### PROBLEM
This task requires every entry to be set down again exactly.
_____
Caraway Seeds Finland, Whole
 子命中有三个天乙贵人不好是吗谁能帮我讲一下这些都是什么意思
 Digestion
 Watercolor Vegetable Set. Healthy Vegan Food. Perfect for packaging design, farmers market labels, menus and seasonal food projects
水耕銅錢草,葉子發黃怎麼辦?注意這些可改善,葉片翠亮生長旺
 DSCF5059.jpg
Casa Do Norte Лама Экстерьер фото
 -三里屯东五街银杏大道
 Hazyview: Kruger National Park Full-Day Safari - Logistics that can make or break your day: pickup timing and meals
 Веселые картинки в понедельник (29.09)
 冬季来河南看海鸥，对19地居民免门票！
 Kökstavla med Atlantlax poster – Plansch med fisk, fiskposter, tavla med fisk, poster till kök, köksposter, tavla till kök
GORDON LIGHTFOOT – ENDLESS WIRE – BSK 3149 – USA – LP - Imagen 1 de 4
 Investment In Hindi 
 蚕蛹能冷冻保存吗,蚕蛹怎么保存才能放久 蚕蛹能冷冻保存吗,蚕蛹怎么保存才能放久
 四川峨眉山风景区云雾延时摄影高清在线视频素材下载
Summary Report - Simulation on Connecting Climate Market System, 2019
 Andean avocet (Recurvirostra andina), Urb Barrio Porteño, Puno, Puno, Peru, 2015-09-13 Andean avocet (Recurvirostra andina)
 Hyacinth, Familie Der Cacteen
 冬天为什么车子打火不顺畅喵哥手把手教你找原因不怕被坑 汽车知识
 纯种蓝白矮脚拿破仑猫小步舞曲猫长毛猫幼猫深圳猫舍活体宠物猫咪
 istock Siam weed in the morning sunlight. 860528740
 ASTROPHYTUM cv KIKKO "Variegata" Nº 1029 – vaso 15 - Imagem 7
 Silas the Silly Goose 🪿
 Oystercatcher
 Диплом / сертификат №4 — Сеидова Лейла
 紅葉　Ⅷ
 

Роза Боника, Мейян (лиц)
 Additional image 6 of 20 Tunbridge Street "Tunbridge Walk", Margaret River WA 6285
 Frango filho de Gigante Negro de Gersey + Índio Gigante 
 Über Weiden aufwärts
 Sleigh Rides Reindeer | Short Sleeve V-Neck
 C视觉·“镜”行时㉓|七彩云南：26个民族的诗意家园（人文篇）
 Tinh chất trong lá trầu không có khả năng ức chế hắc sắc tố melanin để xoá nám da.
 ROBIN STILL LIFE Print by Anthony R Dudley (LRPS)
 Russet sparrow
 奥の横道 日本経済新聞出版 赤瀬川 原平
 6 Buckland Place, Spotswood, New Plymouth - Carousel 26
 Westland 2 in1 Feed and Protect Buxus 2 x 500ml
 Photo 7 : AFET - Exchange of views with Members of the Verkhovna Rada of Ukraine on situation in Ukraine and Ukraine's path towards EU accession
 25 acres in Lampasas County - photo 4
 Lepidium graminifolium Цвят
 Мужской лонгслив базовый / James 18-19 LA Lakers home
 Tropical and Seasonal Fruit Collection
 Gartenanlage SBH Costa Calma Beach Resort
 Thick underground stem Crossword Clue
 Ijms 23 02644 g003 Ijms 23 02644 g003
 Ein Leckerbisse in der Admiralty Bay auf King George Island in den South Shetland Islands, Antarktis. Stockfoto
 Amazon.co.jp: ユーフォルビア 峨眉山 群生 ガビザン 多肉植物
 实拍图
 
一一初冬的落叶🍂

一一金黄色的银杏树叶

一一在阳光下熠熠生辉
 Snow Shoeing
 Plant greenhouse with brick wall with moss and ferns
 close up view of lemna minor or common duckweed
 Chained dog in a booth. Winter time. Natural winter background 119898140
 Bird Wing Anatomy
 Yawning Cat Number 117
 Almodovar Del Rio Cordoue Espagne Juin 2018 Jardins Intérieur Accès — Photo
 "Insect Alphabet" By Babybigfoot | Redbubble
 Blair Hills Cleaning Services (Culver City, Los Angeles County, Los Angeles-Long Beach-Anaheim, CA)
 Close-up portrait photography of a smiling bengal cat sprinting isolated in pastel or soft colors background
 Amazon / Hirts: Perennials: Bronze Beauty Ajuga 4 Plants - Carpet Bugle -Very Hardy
_____
### EXERCISE RESPONSE
Caraway Seeds Finland, Whole
 子命中有三个天乙贵人不好是吗谁能帮我讲一下这些都是什么意思
 Digestion
 Watercolor Vegetable Set. Healthy Vegan Food. Perfect for packaging design, farmers market labels, menus and seasonal food projects
水耕銅錢草,葉子發黃怎麼辦?注意這些可改善,葉片翠亮生長旺
 DSCF5059.jpg
Casa Do Norte Лама Экстерьер фото
 -三里屯东五街银杏大道
 Hazyview: Kruger National Park Full-Day Safari - Logistics that can make or break your day: pickup timing and meals
 Веселые картинки в понедельник (29.09)
 冬季来河南看海鸥，对19地居民免门票！
 Kökstavla med Atlantlax poster – Plansch med fisk, fiskposter, tavla med fisk, poster till kök, köksposter, tavla till kök
GORDON LIGHTFOOT – ENDLESS WIRE – BSK 3149 – USA – LP - Imagen 1 de 4
 Investment In Hindi 
 蚕蛹能冷冻保存吗,蚕蛹怎么保存才能放久 蚕蛹能冷冻保存吗,蚕蛹怎么保存才能放久
 四川峨眉山风景区云雾延时摄影高清在线视频素材下载
Summary Report - Simulation on Connecting Climate Market System, 2019
 Andean avocet (Recurvirostra andina), Urb Barrio Porteño, Puno, Puno, Peru, 2015-09-13 Andean avocet (Recurvirostra andina)
 Hyacinth, Familie Der Cacteen
 冬天为什么车子打火不顺畅喵哥手把手教你找原因不怕被坑 汽车知识
 纯种蓝白矮脚拿破仑猫小步舞曲猫长毛猫幼猫深圳猫舍活体宠物猫咪
 istock Siam weed in the morning sunlight. 860528740
 ASTROPHYTUM cv KIKKO "Variegata" Nº 1029 – vaso 15 - Imagem 7
 Silas the Silly Goose 🪿
 Oystercatcher
 Диплом / сертификат №4 — Сеидова Лейла
 紅葉　Ⅷ
 

Роза Боника, Мейян (лиц)
 Additional image 6 of 20 Tunbridge Street "Tunbridge Walk", Margaret River WA 6285
 Frango filho de Gigante Negro de Gersey + Índio Gigante 
 Über Weiden aufwärts
 Sleigh Rides Reindeer | Short Sleeve V-Neck
 C视觉·“镜”行时㉓|七彩云南：26个民族的诗意家园（人文篇）
 Tinh chất trong lá trầu không có khả năng ức chế hắc sắc tố melanin để xoá nám da.
 ROBIN STILL LIFE Print by Anthony R Dudley (LRPS)
 Russet sparrow
 奥の横道 日本経済新聞出版 赤瀬川 原平
 6 Buckland Place, Spotswood, New Plymouth - Carousel 26
 Westland 2 in1 Feed and Protect Buxus 2 x 500ml
 Photo 7 : AFET - Exchange of views with Members of the Verkhovna Rada of Ukraine on situation in Ukraine and Ukraine's path towards EU accession
 25 acres in Lampasas County - photo 4
 Lepidium graminifolium Цвят
 Мужской лонгслив базовый / James 18-19 LA Lakers home
 Tropical and Seasonal Fruit Collection
 Gartenanlage SBH Costa Calma Beach Resort
 Thick underground stem Crossword Clue
 Ijms 23 02644 g003 Ijms 23 02644 g003
 Ein Leckerbisse in der Admiralty Bay auf King George Island in den South Shetland Islands, Antarktis. Stockfoto
 Amazon.co.jp: ユーフォルビア 峨眉山 群生 ガビザン 多肉植物
 实拍图
 
一一初冬的落叶🍂

一一金黄色的银杏树叶

一一在阳光下熠熠生辉
 Snow Shoeing
 Plant greenhouse with brick wall with moss and ferns
 close up view of lemna minor or common duckweed
 Chained dog in a booth. Winter time. Natural winter background 119898140
 Bird Wing Anatomy
 Yawning Cat Number 117
 Almodovar Del Rio Cordoue Espagne Juin 2018 Jardins Intérieur Accès — Photo
 "Insect Alphabet" By Babybigfoot | Redbubble
 Blair Hills Cleaning Services (Culver City, Los Angeles County, Los Angeles-Long Beach-Anaheim, CA)
 Close-up portrait photography of a smiling bengal cat sprinting isolated in pastel or soft colors background
 Amazon / Hirts: Perennials: Bronze Beauty Ajuga 4 Plants - Carpet Bugle -Very Hardy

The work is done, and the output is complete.